-------- Exercise materials --------
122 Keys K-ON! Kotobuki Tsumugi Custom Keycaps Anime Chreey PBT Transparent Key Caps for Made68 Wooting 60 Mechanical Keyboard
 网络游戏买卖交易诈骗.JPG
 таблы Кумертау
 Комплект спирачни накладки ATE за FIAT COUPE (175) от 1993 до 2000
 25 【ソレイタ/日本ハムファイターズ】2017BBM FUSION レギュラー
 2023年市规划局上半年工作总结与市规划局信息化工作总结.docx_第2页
--------
Action item >>
For each record above, write it out again exactly.

Answer to this problem >>
122 Keys K-ON! Kotobuki Tsumugi Custom Keycaps Anime Chreey PBT Transparent Key Caps for Made68 Wooting 60 Mechanical Keyboard
 网络游戏买卖交易诈骗.JPG
 таблы Кумертау
 Комплект спирачни накладки ATE за FIAT COUPE (175) от 1993 до 2000
 25 【ソレイタ/日本ハムファイターズ】2017BBM FUSION レギュラー
 2023年市规划局上半年工作总结与市规划局信息化工作总结.docx_第2页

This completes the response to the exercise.